Francisco de Manuel no excedió en su saludo capotero, siendo breve pero efectivo. Inició su faena en corto, genuflexo, obligándolo por abajo, pero sujetándolo para que no se cayera. Siguió a media altura llevando aquella embestida renqueante acusada de escasa fuerza. Se lo echó a la cadera y toreó entre el desacuerdo de los tendidos. Lo probó por el izquierdo, poniéndosela y tirando con suavidad de un toro que acudía con prontitud. Poco a poco le fue bajando la mano, metiéndolo en la franela, pero sin convencer. Hubo una tanda al natural, en la que encontró la armonía.

Román saludó al cuarto y segundo de su lote. Sin un inicio definido, el diestro se lo fue llevando de tablas. Le dio sitio y tiempo, volviendo a aprovechar la inercia del animal para darle continuidad a la tanda. Sobre el pitón izquierdo apuró algo más las distancias, marcándole el recorrido con la ayuda. Se dobló en exceso, abriendo la embestida, alejándolo del cuerpo. Un pase tras otro, pero sin decir nada, la faena no tenía cuerpo, por lo que ya le pedían que lo pasaportara.

Dias Gomes lo lanceo por abajo para después estirarse con el animal, un toro de Pedraza de Yeltes que terminaría siendo devuelto a corrales. En su lugar salió “Humorista” de Carmen Valiente. Se frenaba en su capote, muy abanto de salida, soltando la cara arriba. Iniciada la faena, el diestro trataba que el animal pasara, pero se quedaba corto. Poco a poco, muy asentado, alargó la embestida, acompañándola con todo su cuerpo. Todo quedó en destellos empañados por una faena en la que no había nada que hacer.

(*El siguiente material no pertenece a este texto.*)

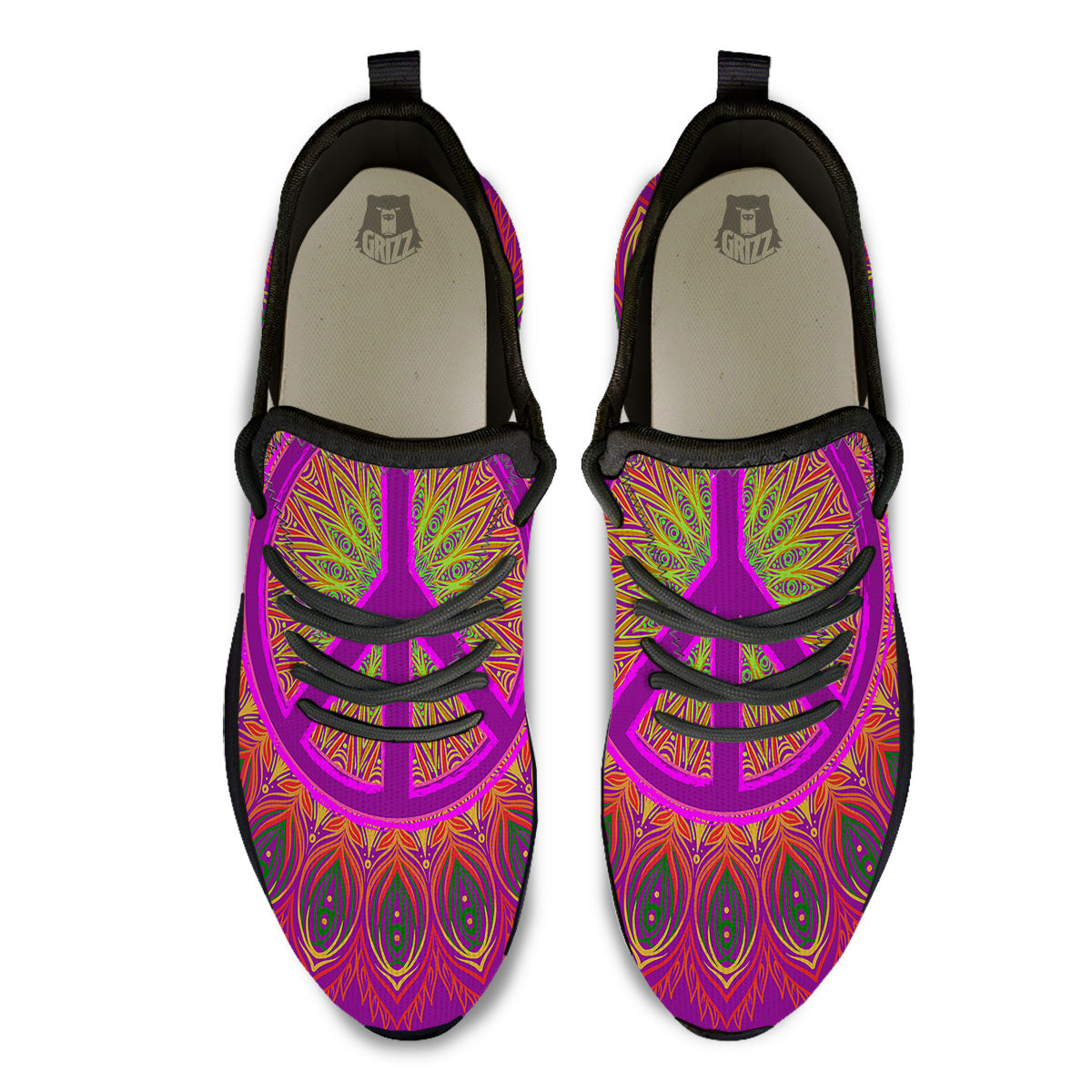 Peace Sign Psychedelic Hippie Print Black Athletic Shoes-grizzshop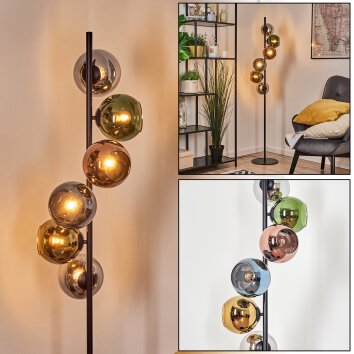 Koyoto Stehleuchte Glas 15 cm Blau, Chrom, Gold, Grün, Kupferfarben, Rauchfarben, 6-flammig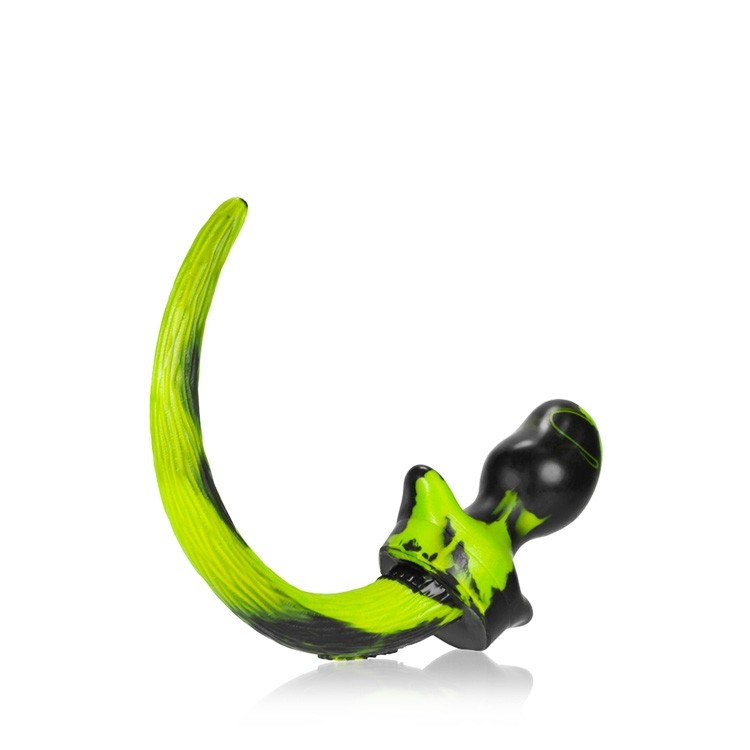 A large, acid swirl patterned silicone buttplug with a curved tail.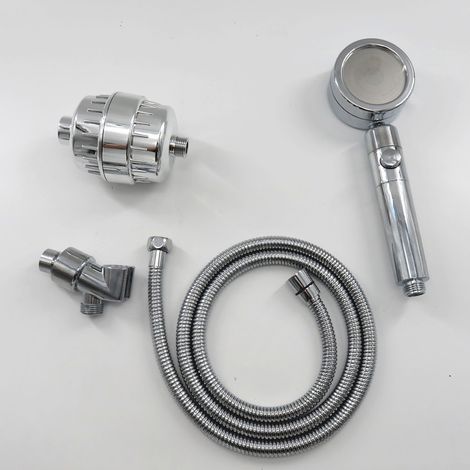 Oscillating transverse hand shower head, water-saving design under pressure, removable shower head, one-button water shut-off filter (1/5)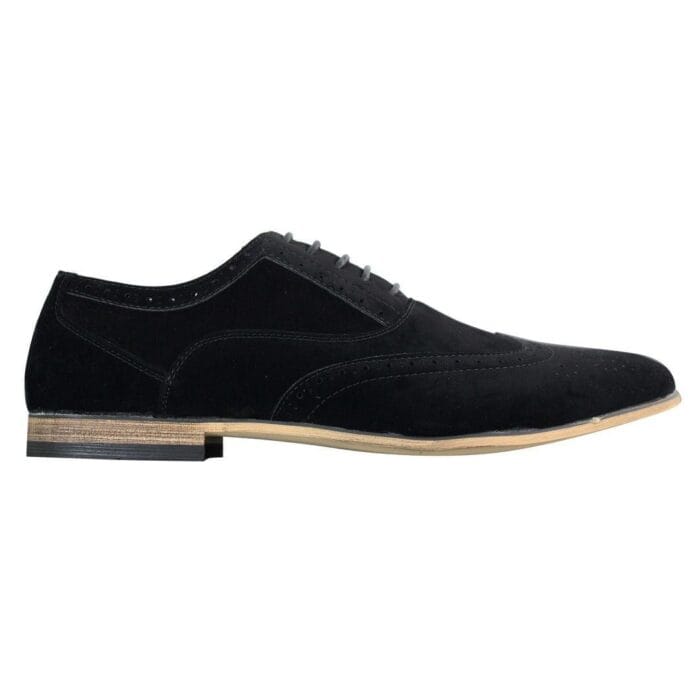 Mens Suede Leather Brogues Smart Casual Red Brown Navy Black Laced Shoes Retro - Knighthood Store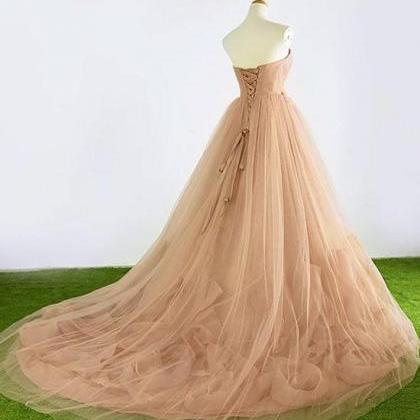 Champagne Prom Dresses,sweetheart Prom Dress,tulle..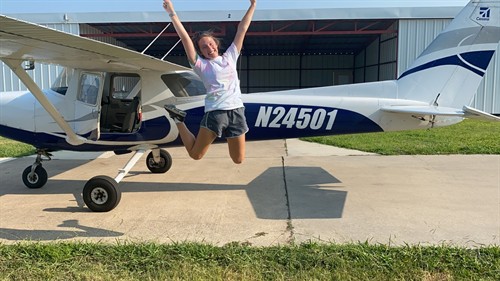This is what you feel like after soloing an airplane for the first time!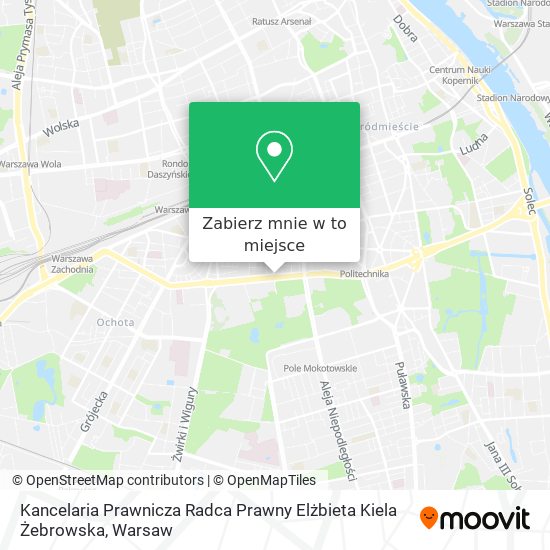 Mapa Kancelaria Prawnicza Radca Prawny Elżbieta Kiela Żebrowska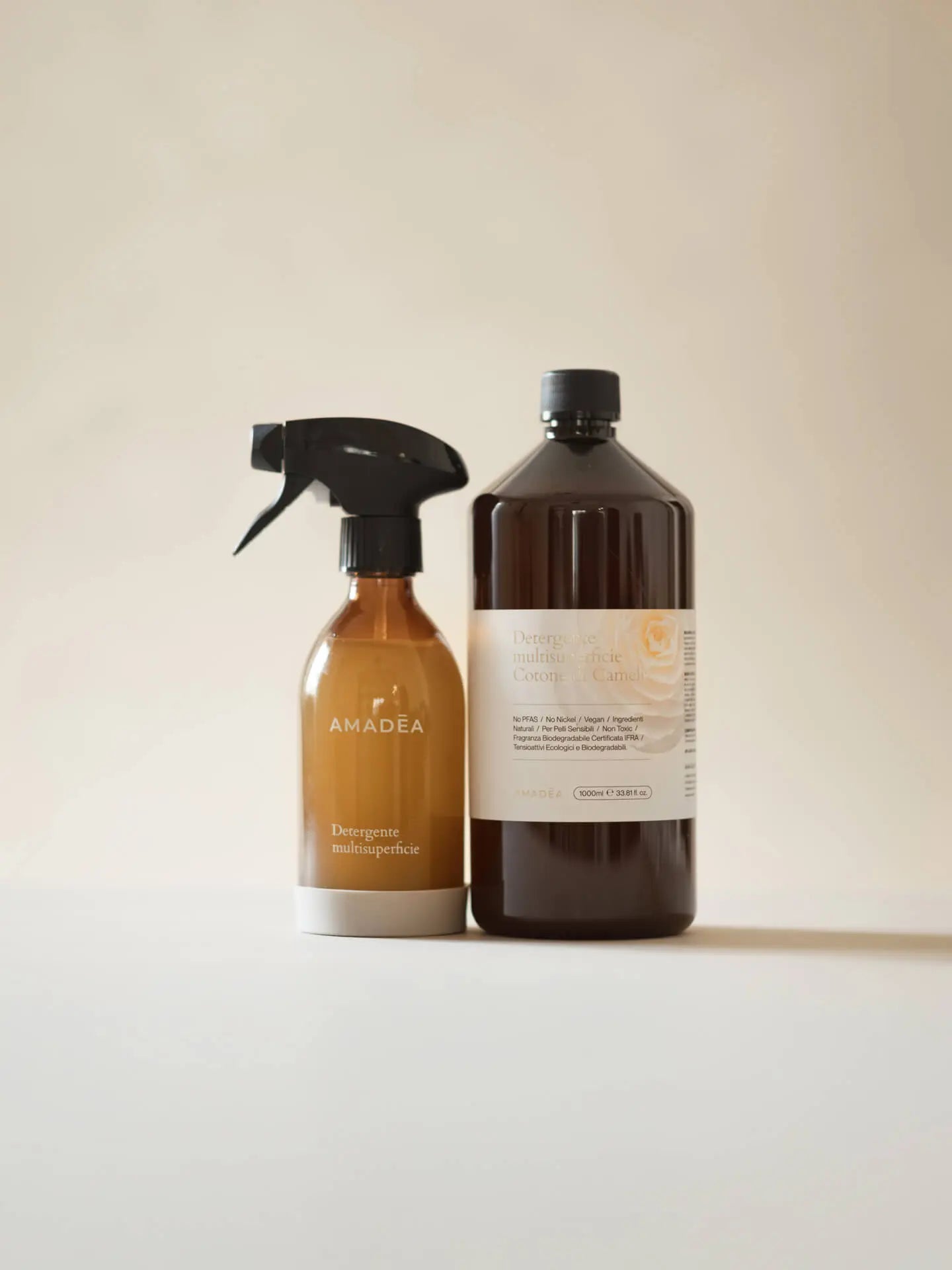 Kit Detergente multisuperficie "Cotone di Camelia" 300ml + 1 Litro AMADĒA HOME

Francisco de Manuel saludó al cierraplaza en recibo breve y de escaso lucimiento. Se entregó en el caballo, arrancándose con viveza hacia él, en el tercio más ovacionado de toda la tarde. Daniel Duarte recibiría su correspondiente ovación de parte de los tendidos. El madrileño brindó desde los medios y allí, poco a poco, se fue acercando al animal para citarlo. El de Pedraza respondió embistiendo, lo que permitió al diestro dar un inicio con movilidad, ligazón y trasmisión. Siguió sobre el pitón derecho, recogiendo la embestida al final de cada muletazo, envolviéndoselo a su alrededor. Cambió al pitón derecho, echándole los vuelos al hocico y tirando de el, llevando la embestida totalmente embebida. El animal a pesar de no tener una embestida bonita, uniforme, acometía y medio le bajaba la cara. Volvió al pitón derecho, ahora acortando las distancias, mostrándose. Sin alargar mucho más se fue a por la espada y falló con ella.

Las Ventas. Toros de Pedraza de Yeltes y Carmen Valiente (5°Bis).  Los animales, vacíos de contenido y embestidas sin argumentos, no dieron el juego necesario. Ni siquiera el sobrero de Carmen Valiente (5°Bis) dio esperanzas, dio continuidad a la tendencia de la tarde en la plaza. Los más destacados fueron el segundo y el sexto. El segundo ofreció más recorrido y durabilidad, acudiendo con viveza a los cites. El sexto tuvo más contenido y dio más opciones, unas opciones que no se exprimieron. Román, oreja tras aviso y silencio tras dos avisos; Dias Gomes, ovación y silencio; Francisco de Manuel, silencio y silencio tras aviso.